When you trigger generation manually, it shows up on the Dashboard as an Optimization record per repo, so you can watch it progress and see whether it finished or failed. Automatic (pickup-triggered) generation runs quietly in the background. Either way, generation records report status only — the artifact contents aren't browsable.
Cost: generation runs bill the same Claude credential as your normal runs — it's an agent surveying your repo on your model key. Expect a sizable one-time run per repo, then savings on the runs that follow.
Staying fresh
You don't have to manage freshness — Tenbi does. When a ticket is picked up on an Optimize Lane, Tenbi checks whether the repo's artifacts are still current: they're rebuilt when they get old, or when the repo's structure has drifted since the last build. Files being added, removed, or moved count far more than in-place edits — that's what invalidates a navigational map; heavy editing inside existing files mostly doesn't.

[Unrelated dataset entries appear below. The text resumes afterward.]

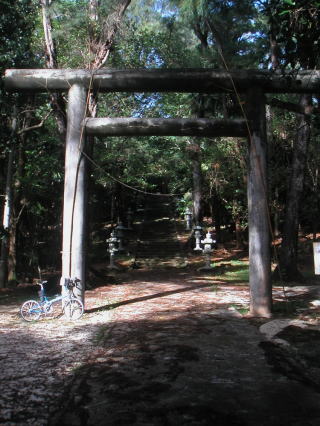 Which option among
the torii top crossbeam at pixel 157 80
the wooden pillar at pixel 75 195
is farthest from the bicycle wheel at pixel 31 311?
the torii top crossbeam at pixel 157 80

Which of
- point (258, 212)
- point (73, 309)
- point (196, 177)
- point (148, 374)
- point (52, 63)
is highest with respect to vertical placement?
point (52, 63)

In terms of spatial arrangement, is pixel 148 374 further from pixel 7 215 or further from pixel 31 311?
pixel 7 215

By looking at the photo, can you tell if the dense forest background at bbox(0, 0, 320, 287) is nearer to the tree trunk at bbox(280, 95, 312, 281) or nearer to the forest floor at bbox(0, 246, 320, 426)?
the tree trunk at bbox(280, 95, 312, 281)

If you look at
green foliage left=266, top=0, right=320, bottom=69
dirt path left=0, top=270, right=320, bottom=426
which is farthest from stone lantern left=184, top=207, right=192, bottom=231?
green foliage left=266, top=0, right=320, bottom=69

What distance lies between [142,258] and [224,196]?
509cm

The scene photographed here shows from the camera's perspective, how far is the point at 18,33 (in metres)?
11.1

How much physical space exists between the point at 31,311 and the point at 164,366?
372 cm

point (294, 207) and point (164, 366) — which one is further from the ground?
point (294, 207)

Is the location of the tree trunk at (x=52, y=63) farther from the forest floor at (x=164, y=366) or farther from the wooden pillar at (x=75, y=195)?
the forest floor at (x=164, y=366)

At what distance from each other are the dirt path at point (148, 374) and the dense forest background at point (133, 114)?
10.1 ft

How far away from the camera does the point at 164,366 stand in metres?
5.11

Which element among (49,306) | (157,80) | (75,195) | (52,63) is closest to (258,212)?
(157,80)

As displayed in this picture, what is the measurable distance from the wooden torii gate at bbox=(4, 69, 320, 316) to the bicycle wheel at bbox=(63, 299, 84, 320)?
229mm

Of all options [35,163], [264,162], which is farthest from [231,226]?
[264,162] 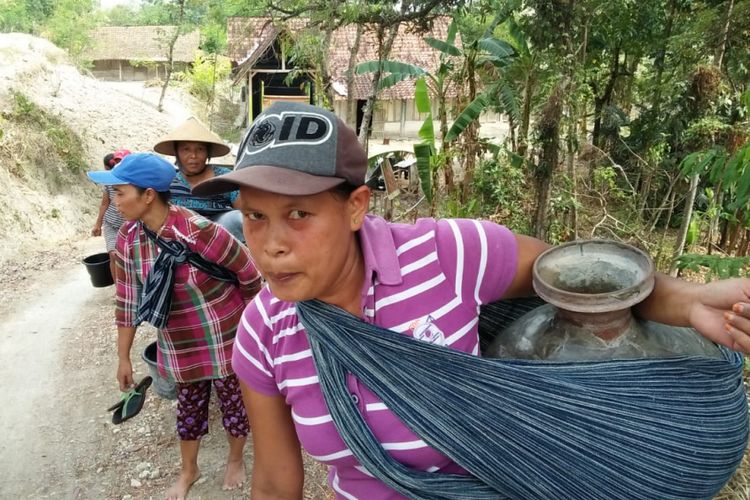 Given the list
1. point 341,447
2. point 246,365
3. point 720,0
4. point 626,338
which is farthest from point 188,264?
point 720,0

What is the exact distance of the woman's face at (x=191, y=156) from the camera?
12.3ft

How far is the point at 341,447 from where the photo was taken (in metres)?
1.18

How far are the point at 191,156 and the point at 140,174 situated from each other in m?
1.18

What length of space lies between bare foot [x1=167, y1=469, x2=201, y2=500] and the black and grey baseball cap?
246cm

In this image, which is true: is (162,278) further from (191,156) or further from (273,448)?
(273,448)

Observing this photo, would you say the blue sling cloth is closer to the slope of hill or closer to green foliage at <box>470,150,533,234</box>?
green foliage at <box>470,150,533,234</box>

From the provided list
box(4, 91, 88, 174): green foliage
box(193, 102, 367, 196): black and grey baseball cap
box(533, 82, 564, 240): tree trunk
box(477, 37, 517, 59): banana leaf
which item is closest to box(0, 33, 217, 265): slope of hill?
box(4, 91, 88, 174): green foliage

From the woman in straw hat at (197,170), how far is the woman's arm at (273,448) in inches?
94.3

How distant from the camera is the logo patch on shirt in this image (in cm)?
119

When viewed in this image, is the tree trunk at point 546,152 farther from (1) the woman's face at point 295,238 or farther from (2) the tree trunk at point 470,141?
(1) the woman's face at point 295,238

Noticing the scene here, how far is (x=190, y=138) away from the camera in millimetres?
3668

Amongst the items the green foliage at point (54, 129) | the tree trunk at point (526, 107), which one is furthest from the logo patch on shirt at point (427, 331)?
the green foliage at point (54, 129)

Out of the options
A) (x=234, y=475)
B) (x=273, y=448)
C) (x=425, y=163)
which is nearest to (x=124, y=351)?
(x=234, y=475)

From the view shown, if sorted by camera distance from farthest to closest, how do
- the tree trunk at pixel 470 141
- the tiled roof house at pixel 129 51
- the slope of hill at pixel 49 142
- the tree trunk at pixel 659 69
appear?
the tiled roof house at pixel 129 51
the slope of hill at pixel 49 142
the tree trunk at pixel 659 69
the tree trunk at pixel 470 141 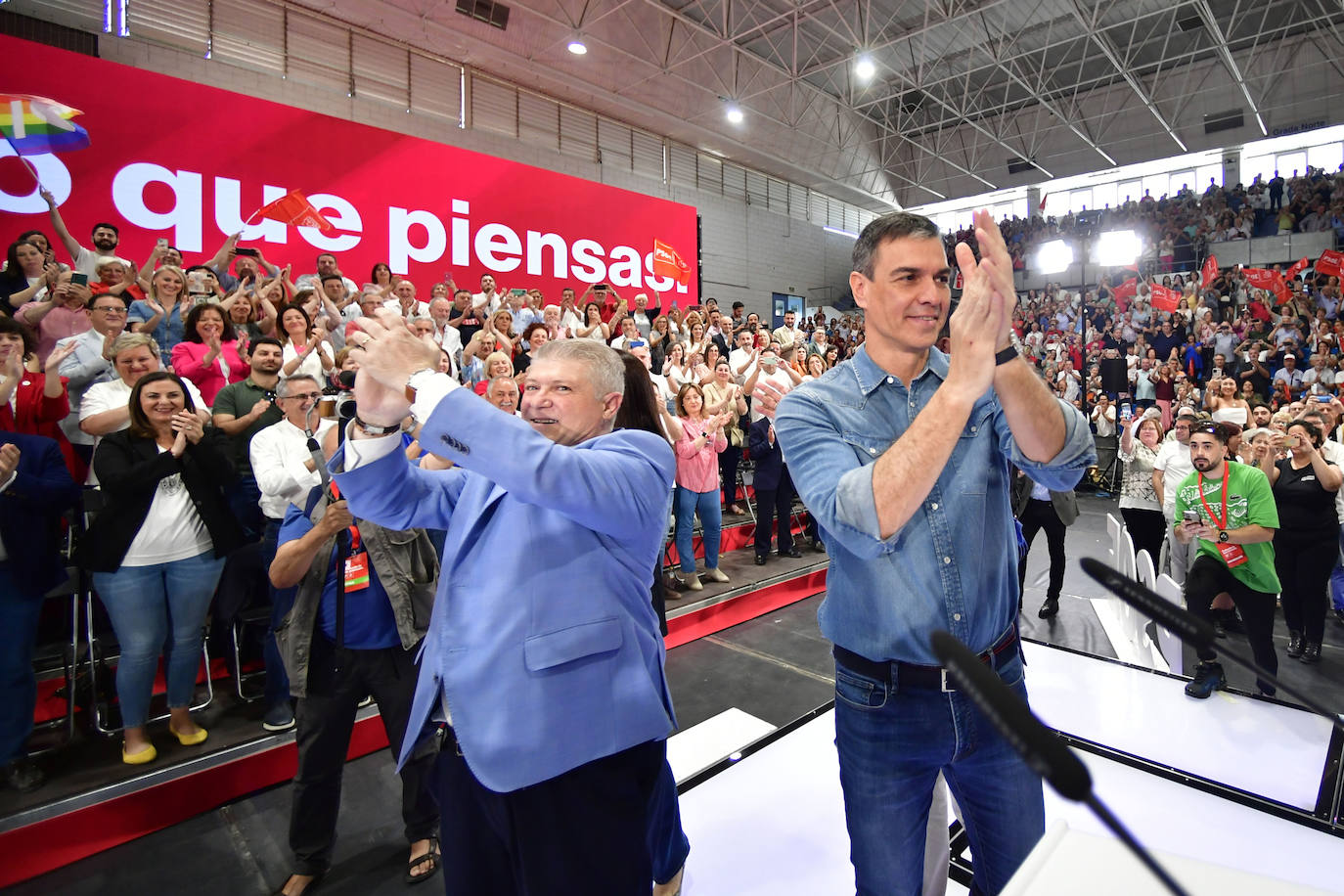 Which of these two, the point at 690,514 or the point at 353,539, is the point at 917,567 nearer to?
the point at 353,539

A stale artifact never blocks a run: the existing map and guide keep serving the current ticket while the rebuild happens in the background, and the next run picks up the fresh version. Only the very first generation holds a ticket.
After a big refactor — a directory restructure, a framework swap — press Rebuild Now if you'd rather not wait for the automatic refresh.
The run badge
Every run row on the Dashboard and on Record Detail carries a small lightning-bolt icon showing whether that run actually used its Lane's optimization: lit in the accent color when it did, grey when it didn't. Hover it to read Optimized or Not Optimized.

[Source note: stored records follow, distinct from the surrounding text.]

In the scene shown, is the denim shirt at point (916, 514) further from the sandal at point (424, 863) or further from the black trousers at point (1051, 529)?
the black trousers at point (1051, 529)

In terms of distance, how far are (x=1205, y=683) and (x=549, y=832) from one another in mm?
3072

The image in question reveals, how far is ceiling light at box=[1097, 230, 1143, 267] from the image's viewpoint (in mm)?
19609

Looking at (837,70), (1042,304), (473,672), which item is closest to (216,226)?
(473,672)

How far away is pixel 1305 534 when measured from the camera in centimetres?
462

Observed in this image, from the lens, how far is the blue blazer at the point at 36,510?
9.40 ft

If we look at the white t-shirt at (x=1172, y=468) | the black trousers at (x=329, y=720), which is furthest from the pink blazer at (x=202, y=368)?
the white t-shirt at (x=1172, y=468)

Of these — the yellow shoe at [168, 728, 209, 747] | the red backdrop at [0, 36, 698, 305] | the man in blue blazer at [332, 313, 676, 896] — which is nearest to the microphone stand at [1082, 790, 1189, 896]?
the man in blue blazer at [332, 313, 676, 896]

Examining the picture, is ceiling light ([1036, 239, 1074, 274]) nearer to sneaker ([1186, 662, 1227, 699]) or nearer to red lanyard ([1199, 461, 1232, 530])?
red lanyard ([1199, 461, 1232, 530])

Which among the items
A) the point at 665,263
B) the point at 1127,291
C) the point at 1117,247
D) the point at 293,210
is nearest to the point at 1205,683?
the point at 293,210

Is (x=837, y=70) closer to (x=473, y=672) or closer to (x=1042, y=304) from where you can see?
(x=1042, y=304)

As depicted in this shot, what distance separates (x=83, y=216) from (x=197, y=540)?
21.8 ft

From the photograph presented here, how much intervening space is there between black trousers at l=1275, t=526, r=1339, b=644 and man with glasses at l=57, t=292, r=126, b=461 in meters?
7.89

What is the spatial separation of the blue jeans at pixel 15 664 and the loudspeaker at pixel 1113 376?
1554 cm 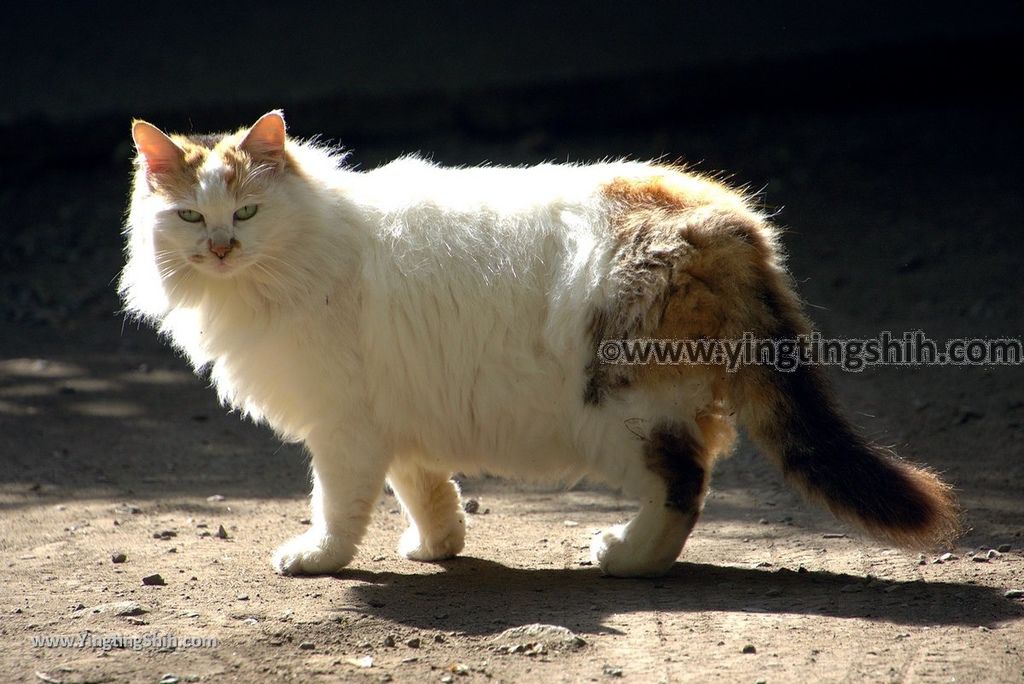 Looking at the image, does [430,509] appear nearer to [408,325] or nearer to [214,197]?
[408,325]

Grey is normal on Lanes without Optimize. On an Optimize Lane, a grey badge usually means the run went ahead un-optimized — for example, it was admitted while generation was failing.
When generation fails
A failed generation never breaks your Lane: ticket runs keep working, they just run without optimization until a generation succeeds. To retry, press Generate Now (or Rebuild Now) on the Lane. Because generation runs on your Claude credential, a rejected key fails generation the same way it fails normal runs — check Troubleshooting → Model key invalid if failures coincide with credential changes. The full triage checklist is in Troubleshooting → Optimization run failed.
Privacy
The artifacts describe your code, so they're handled accordingly:
- They are never written to your repository — no commits, no PRs, no files in your worktree.
- They are stored by Tenbi, scoped to your account, and used to serve your Lane's runs. The data is private to Tenbi.
- Their contents aren't viewable — in the app you see status (generated, last built, commit), not the artifact text.
- Your own
AGENT.md, if present, is read during generation and never modified.
To stop using Optimize on a Lane, uncheck Optimize this Lane's repos — runs go back to exploring the codebase directly.